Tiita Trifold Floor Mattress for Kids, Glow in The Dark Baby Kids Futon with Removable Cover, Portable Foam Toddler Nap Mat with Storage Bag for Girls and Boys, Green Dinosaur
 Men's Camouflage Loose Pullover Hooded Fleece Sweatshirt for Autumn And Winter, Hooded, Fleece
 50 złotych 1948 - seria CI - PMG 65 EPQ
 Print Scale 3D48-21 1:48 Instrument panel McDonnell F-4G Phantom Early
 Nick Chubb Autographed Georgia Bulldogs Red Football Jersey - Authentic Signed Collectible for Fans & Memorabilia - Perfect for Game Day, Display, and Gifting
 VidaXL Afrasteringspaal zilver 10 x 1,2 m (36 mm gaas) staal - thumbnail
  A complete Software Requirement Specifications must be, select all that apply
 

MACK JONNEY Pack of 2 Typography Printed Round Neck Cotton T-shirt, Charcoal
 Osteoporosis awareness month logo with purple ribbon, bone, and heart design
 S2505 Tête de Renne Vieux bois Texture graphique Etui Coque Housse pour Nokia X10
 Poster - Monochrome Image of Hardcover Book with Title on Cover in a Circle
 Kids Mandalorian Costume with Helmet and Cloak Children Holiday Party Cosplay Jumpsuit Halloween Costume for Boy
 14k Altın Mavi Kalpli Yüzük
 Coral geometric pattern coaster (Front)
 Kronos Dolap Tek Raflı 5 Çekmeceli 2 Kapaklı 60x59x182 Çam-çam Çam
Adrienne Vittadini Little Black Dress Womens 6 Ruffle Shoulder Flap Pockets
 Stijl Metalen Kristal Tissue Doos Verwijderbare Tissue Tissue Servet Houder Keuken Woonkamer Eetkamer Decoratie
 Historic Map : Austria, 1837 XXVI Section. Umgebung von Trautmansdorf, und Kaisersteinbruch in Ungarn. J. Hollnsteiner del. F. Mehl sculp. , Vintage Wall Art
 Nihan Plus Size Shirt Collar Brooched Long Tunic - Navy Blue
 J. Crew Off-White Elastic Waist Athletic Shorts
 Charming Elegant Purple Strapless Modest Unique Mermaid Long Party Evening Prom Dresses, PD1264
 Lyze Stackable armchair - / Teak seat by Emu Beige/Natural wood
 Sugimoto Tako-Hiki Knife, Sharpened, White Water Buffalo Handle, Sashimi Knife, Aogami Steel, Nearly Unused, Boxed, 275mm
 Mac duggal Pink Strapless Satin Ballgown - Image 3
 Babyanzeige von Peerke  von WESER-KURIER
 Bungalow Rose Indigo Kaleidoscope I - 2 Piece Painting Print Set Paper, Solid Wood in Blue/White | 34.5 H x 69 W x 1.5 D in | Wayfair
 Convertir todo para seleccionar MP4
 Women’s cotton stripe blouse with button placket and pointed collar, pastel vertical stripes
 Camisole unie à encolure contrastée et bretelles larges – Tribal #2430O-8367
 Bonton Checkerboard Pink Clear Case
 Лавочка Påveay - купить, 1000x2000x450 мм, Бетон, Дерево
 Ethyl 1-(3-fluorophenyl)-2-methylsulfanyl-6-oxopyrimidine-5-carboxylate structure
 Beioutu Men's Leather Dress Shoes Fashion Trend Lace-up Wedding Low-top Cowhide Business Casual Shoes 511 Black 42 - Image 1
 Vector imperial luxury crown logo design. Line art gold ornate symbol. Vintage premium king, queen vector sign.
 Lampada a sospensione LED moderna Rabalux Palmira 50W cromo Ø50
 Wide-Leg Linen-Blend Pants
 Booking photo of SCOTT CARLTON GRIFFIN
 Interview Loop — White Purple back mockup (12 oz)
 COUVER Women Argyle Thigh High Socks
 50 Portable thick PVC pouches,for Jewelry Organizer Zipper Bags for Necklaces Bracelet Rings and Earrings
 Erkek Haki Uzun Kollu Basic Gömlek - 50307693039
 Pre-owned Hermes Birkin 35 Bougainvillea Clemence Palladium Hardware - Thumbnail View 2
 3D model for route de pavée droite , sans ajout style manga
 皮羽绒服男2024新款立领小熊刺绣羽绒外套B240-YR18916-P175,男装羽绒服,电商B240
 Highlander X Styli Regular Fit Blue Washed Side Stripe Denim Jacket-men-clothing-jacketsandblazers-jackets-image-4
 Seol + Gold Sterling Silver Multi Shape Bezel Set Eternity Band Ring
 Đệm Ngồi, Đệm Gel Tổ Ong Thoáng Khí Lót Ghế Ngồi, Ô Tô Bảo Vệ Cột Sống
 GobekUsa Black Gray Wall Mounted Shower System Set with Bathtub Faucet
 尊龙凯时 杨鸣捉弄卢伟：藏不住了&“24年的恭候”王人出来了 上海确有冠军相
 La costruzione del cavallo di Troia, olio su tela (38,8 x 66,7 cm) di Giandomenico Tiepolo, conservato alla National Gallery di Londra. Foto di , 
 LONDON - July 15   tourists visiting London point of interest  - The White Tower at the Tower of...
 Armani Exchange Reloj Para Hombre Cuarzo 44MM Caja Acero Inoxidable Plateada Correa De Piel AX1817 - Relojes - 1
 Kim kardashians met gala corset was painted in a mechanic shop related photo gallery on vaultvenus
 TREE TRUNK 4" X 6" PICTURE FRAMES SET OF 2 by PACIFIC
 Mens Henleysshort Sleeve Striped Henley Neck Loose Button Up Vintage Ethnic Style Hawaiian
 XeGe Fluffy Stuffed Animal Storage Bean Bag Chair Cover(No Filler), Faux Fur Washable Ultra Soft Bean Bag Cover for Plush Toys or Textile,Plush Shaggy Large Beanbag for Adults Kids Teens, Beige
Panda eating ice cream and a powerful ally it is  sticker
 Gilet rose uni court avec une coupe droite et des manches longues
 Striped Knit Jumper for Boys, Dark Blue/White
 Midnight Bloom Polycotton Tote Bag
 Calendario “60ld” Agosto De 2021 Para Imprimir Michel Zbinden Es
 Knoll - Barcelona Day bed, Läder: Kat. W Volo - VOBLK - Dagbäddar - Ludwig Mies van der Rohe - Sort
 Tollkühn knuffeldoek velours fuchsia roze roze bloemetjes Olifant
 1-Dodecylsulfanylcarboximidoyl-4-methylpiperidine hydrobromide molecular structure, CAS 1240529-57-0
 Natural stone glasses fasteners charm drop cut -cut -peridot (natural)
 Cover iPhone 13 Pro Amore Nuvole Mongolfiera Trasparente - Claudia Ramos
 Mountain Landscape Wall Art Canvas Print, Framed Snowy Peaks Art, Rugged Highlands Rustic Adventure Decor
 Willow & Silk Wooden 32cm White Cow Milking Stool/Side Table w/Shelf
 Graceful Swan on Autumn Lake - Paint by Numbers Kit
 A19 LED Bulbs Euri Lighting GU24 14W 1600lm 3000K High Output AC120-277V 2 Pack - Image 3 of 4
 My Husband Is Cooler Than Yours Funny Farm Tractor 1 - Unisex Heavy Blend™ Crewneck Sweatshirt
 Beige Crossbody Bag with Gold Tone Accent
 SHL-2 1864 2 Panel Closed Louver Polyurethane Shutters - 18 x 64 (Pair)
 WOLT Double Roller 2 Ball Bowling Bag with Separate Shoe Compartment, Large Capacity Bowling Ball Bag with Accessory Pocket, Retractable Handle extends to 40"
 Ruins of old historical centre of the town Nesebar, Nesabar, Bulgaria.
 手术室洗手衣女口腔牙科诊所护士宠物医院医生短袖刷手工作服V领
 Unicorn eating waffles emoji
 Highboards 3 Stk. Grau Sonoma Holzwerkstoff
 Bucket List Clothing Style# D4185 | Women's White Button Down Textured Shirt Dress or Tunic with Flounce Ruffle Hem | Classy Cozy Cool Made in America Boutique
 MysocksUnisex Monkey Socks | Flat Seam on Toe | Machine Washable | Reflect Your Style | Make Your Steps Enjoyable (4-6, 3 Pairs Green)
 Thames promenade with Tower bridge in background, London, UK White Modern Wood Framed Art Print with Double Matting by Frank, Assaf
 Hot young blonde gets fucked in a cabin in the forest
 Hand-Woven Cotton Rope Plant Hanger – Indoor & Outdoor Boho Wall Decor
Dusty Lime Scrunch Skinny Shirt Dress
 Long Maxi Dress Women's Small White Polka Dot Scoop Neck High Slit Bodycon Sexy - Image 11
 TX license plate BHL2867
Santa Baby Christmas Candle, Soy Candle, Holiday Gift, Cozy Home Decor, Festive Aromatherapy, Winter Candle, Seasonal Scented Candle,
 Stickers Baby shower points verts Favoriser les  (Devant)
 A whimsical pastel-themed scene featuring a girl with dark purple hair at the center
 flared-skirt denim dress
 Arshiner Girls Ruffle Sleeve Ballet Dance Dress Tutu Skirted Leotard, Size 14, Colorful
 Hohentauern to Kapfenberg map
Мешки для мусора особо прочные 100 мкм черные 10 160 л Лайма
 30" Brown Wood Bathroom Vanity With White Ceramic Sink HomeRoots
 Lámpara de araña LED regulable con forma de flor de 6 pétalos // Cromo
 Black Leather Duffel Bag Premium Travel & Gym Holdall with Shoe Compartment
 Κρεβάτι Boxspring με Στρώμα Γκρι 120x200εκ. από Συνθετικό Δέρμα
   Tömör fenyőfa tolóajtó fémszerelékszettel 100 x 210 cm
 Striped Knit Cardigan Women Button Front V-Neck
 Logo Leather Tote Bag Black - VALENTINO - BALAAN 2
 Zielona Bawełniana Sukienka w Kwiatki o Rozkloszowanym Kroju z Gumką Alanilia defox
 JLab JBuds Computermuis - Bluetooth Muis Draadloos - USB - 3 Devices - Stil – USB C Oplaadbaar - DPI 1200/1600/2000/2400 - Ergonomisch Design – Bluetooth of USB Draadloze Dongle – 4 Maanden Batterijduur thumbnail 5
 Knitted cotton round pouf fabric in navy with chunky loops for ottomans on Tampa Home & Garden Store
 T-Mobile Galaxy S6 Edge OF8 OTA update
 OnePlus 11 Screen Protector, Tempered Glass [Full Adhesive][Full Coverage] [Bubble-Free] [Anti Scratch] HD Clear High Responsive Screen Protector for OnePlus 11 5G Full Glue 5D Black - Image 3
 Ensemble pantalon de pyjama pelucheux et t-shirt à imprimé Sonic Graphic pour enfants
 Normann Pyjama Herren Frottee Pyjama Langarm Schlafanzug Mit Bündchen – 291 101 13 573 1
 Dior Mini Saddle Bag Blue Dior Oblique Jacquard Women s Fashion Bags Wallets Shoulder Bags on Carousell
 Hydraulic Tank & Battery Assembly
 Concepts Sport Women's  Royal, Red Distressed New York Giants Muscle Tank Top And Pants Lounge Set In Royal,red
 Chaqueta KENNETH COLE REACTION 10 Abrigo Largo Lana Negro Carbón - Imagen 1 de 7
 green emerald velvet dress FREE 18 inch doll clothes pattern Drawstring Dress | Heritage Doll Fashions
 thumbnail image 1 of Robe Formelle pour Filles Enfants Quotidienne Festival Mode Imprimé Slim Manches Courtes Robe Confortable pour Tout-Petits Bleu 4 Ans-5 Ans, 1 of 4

● ● ● ● ● ● ●

- Work item
When a line in the material above includes the word "pastel", copy that line.

- Result of the task
 Women’s cotton stripe blouse with button placket and pointed collar, pastel vertical stripes
 A whimsical pastel-themed scene featuring a girl with dark purple hair at the center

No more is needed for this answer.